What to produce:
Go through the records below line by line, counting those that contain the word "komik"; answer with the count only.
====================
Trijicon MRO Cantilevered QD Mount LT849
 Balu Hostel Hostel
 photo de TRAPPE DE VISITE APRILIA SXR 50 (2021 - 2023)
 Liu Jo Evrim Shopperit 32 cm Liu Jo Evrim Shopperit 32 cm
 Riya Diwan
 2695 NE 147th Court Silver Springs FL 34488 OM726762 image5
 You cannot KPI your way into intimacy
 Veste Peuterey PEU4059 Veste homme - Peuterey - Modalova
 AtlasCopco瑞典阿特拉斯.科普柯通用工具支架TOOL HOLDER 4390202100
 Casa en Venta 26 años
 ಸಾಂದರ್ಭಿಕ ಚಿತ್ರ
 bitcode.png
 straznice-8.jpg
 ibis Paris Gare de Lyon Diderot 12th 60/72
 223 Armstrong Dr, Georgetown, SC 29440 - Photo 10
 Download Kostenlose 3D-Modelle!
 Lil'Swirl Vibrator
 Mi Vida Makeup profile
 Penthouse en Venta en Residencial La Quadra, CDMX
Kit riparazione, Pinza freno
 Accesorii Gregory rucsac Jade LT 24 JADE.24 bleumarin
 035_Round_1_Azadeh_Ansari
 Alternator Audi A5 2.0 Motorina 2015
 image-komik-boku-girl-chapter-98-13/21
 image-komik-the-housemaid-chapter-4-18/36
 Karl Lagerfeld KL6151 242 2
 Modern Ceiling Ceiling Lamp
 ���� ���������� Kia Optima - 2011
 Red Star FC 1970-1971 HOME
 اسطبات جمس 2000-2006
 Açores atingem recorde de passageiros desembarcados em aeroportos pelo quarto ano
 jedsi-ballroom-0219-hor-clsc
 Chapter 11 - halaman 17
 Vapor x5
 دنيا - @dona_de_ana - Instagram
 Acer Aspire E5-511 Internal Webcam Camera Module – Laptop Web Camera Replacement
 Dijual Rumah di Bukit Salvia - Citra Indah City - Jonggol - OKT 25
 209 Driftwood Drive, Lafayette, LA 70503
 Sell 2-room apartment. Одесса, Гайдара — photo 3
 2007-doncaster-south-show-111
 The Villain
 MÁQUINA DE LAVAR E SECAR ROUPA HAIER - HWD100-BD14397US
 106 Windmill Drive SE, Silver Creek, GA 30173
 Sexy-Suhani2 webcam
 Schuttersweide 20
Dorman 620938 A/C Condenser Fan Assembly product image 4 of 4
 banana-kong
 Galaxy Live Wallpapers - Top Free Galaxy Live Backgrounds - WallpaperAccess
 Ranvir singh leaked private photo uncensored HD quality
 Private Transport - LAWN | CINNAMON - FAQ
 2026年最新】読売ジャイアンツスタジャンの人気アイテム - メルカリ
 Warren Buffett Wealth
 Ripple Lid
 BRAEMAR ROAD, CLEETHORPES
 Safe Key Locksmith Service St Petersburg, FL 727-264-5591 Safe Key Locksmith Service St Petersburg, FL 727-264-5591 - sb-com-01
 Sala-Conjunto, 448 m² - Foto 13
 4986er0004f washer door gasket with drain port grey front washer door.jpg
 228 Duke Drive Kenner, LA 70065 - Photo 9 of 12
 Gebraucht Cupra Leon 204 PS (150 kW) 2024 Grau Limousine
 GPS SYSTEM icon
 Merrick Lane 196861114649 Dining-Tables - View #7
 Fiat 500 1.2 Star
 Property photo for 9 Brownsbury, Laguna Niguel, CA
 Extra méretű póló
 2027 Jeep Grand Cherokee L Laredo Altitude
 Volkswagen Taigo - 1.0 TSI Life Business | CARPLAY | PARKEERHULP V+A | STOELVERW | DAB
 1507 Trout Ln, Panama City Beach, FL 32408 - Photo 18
====================
Task output:
2